**Problem requirements**
Please quote exactly the lines below from the line containing "バイカラーロゴフリルタートルニット – pium" to the line containing "NC license plate AJS1743", both lines included, and nothing else.

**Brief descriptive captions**
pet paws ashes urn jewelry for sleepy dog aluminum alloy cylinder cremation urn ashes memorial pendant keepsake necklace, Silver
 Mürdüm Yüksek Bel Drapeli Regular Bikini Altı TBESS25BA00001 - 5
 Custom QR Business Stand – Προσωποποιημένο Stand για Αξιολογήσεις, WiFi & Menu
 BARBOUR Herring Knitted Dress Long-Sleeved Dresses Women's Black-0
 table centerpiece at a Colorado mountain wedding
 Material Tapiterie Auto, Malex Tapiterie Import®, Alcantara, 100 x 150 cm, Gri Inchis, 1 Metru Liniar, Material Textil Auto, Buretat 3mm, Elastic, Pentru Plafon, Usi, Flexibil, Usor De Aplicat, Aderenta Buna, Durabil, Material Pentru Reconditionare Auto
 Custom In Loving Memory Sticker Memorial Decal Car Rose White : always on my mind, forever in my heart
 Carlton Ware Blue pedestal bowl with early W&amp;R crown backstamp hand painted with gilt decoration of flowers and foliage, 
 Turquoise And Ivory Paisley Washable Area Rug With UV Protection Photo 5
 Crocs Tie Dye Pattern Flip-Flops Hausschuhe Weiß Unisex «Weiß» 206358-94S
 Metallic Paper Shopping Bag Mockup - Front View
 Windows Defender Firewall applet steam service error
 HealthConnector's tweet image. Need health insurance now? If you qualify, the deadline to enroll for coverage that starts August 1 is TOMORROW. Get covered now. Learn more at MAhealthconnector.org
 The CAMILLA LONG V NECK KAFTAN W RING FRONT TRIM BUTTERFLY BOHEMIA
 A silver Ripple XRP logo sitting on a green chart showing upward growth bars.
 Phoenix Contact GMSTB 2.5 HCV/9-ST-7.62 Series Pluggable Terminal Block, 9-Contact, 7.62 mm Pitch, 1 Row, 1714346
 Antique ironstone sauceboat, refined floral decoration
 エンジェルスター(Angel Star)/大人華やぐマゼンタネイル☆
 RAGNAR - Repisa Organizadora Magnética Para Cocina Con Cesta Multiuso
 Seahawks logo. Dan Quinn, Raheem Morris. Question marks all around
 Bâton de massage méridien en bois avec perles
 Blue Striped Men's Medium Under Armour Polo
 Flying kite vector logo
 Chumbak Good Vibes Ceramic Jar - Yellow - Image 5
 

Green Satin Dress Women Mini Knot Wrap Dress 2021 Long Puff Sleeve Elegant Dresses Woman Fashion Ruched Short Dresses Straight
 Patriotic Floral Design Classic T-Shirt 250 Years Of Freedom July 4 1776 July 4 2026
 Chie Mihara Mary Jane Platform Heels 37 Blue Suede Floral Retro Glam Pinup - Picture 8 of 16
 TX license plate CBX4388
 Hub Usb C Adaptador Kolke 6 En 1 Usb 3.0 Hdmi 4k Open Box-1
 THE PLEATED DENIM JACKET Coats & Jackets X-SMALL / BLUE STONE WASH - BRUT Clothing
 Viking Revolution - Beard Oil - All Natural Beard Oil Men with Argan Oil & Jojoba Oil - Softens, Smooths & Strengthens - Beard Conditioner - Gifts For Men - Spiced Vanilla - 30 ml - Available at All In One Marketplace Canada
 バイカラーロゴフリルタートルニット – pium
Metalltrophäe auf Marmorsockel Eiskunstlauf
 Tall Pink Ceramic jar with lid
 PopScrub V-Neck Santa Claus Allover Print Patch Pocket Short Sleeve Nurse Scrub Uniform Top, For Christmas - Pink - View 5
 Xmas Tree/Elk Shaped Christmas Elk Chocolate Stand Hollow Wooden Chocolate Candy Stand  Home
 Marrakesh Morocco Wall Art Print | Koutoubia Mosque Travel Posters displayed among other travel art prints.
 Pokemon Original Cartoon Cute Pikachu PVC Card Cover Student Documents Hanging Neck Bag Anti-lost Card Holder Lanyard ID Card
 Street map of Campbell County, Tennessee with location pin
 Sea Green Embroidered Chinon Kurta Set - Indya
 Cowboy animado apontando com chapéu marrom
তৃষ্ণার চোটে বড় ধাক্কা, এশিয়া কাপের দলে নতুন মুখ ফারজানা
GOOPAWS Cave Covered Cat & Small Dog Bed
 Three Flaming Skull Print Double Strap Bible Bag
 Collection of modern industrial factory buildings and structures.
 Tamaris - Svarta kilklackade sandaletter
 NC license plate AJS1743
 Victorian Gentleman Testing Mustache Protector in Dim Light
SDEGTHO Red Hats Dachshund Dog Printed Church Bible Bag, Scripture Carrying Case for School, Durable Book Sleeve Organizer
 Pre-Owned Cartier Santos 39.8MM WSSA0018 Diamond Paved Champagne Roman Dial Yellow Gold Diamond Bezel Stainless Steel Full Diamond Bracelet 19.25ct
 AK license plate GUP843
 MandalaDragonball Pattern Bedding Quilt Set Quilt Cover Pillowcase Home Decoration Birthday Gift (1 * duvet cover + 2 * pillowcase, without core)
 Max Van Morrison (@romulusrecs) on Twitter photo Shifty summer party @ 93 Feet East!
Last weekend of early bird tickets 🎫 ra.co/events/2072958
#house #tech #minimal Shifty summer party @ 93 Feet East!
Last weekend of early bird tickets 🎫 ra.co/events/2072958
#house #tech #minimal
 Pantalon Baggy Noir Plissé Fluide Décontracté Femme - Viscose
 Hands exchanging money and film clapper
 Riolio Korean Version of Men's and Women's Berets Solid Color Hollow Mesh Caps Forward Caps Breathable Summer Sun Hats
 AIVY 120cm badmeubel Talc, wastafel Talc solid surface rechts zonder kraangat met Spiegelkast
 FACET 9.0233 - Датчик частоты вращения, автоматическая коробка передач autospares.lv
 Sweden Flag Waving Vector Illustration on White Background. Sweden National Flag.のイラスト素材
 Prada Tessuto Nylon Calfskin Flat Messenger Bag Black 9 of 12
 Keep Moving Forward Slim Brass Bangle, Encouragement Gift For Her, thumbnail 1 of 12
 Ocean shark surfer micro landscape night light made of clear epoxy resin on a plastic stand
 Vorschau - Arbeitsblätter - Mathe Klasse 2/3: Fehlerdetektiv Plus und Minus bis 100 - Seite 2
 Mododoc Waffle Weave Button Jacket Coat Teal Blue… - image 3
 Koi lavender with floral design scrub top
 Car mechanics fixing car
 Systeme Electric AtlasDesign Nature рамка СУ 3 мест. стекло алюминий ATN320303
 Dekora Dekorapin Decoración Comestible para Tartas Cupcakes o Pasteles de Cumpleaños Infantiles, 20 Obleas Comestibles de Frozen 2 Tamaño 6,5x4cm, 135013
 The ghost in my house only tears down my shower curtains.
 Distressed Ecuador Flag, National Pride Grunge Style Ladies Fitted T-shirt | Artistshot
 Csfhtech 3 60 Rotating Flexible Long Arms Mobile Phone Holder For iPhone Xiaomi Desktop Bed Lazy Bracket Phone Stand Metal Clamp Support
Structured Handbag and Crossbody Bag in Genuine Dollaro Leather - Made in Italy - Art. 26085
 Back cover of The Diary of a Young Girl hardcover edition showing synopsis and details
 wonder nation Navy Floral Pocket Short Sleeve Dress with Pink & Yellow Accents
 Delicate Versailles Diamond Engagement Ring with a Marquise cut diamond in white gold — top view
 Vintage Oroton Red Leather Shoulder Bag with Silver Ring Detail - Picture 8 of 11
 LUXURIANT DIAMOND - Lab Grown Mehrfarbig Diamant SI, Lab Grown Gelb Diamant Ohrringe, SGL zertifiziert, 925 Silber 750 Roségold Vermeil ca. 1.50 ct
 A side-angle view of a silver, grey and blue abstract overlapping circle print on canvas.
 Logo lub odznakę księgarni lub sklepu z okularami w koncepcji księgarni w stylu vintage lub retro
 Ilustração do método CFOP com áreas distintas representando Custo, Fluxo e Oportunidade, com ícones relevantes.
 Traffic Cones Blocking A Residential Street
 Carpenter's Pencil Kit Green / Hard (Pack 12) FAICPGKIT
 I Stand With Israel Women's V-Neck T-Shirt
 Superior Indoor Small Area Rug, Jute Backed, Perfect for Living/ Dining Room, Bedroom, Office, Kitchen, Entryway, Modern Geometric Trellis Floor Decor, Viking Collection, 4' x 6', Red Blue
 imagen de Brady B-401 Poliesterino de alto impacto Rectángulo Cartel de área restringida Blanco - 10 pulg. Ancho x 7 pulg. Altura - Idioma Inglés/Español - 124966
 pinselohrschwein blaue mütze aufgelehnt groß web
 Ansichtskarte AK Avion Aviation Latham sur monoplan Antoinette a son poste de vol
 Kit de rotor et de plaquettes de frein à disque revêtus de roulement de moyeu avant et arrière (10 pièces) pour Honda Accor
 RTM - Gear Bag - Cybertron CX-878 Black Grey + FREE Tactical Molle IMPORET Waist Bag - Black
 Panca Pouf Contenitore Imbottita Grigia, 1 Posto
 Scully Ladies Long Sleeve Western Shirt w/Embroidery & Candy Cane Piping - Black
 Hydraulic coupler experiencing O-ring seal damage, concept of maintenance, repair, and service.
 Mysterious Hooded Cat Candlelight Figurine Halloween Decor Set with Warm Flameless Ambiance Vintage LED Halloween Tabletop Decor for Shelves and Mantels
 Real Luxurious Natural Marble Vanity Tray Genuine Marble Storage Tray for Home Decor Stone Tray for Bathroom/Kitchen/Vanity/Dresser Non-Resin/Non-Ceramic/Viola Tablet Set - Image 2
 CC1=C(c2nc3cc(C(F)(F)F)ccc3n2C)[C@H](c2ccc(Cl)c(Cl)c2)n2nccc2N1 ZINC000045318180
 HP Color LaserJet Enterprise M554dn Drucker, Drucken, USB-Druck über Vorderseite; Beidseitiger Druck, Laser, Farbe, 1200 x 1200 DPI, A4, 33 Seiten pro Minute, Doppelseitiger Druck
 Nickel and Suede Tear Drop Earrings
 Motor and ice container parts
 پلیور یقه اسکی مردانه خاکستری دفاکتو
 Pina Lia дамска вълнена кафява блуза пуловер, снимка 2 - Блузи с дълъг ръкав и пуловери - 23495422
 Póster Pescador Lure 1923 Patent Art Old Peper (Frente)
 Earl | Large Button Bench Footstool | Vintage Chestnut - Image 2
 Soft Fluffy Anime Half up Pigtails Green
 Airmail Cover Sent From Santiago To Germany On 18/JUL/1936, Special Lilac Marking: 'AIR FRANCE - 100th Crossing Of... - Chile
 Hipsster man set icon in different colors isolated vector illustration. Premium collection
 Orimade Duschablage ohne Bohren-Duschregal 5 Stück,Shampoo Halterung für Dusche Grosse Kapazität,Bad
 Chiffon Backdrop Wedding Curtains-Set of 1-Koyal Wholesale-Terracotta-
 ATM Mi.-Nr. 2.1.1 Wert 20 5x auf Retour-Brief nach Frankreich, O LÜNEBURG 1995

**Answer section**
 バイカラーロゴフリルタートルニット – pium
Metalltrophäe auf Marmorsockel Eiskunstlauf
 Tall Pink Ceramic jar with lid
 PopScrub V-Neck Santa Claus Allover Print Patch Pocket Short Sleeve Nurse Scrub Uniform Top, For Christmas - Pink - View 5
 Xmas Tree/Elk Shaped Christmas Elk Chocolate Stand Hollow Wooden Chocolate Candy Stand  Home
 Marrakesh Morocco Wall Art Print | Koutoubia Mosque Travel Posters displayed among other travel art prints.
 Pokemon Original Cartoon Cute Pikachu PVC Card Cover Student Documents Hanging Neck Bag Anti-lost Card Holder Lanyard ID Card
 Street map of Campbell County, Tennessee with location pin
 Sea Green Embroidered Chinon Kurta Set - Indya
 Cowboy animado apontando com chapéu marrom
তৃষ্ণার চোটে বড় ধাক্কা, এশিয়া কাপের দলে নতুন মুখ ফারজানা
GOOPAWS Cave Covered Cat & Small Dog Bed
 Three Flaming Skull Print Double Strap Bible Bag
 Collection of modern industrial factory buildings and structures.
 Tamaris - Svarta kilklackade sandaletter
 NC license plate AJS1743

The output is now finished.